Ella casi no podía oírle por encima del fuego de las ametralladoras y la música del noticiario.
The March of Time
. Estaban en el cine. Todos los viernes por la noche iban al cine. Era el entretenimiento más barato; caminaban hasta el centro cogidos de la mano como un par de colegiales enamorados. La gasolina estaba demasiado cara. Y eso si podías conseguirla. Un rumor casi inaudible, como un trueno lejano, en las montañas. Un viento árido que escocía en los ojos y las fosas nasales. No apetecía recorrer largas distancias a pie con ese aire seco e irritante. El Capitol de Mission Hills ya estaba lo bastante lejos.

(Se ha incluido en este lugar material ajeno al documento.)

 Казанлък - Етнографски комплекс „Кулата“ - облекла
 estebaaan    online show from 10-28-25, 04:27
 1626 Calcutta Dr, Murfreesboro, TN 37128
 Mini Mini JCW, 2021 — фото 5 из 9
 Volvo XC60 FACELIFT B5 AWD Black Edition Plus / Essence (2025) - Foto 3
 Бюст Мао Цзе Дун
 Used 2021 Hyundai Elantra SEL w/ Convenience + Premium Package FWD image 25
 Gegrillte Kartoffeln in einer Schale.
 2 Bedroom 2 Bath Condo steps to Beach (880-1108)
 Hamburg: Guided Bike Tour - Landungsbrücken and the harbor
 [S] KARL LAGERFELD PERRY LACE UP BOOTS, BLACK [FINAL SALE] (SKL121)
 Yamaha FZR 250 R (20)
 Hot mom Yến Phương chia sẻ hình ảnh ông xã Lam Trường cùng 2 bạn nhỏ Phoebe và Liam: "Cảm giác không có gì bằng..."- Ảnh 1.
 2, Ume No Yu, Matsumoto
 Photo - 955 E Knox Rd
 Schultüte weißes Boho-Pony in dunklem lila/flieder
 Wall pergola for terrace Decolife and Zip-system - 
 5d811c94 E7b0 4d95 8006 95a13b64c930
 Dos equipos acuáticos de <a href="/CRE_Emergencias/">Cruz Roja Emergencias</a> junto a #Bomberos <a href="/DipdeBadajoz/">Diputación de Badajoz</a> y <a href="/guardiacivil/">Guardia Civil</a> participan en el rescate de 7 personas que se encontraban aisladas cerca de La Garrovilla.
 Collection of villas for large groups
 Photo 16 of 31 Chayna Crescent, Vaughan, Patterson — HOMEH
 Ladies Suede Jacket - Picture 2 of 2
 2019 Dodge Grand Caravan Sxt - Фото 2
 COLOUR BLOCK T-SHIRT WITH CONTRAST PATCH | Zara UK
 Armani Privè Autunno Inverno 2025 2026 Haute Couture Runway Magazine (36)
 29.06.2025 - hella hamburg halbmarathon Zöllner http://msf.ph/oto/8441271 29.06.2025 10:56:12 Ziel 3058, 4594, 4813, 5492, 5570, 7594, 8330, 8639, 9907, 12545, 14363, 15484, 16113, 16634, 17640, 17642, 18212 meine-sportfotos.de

Puede que estuvieran viendo
Confesiones de un espía nazi
, el engreído y sofisticado George Sanders y Edward G. Robinson, con su cara de bulldog. Los vidriosos ojos de Robinson brillando de emoción. ¿Quién, aparte de él, era capaz de expresar sucesivamente dolor, odio, ira, terror y trivialidad? Aunque era un canijo, poco convincente en el papel de amante. No era lo que se dice el Príncipe Encantado. Ni un hombre por el cual una estaría dispuesta a morir. O quizá estuvieran viendo
Acción en el Atlántico Norte
, con Humphrey Bogart. Bogart, con su cara picada de viruela y sus ojos rodeados de bolsas. Siempre con un cigarrillo entre los dedos y una nube de humo cruzando su rostro demacrado. Sin embargo, Bogart era apuesto. En la pantalla gigante, vestidos con uniforme, todos los hombres eran apuestos. También es posible que aquella noche hubieran ido a ver
The Battle of the Beaches
o
Los hijos de Hitler
. Bucky quería verlas todas. O acaso vieran otra comedia de Abbott y Costello, o
El recluta enamorado
, con Bob Hope. A Norma Jeane le gustaban los musicales:
Tres días de amor y fe, Cita en Saint Louis, All About Lovin’ You
. Pero Bucky se aburría con los musicales y ella tenía que admitir que eran tontos y banales, tan falsos como el Reino de Oz.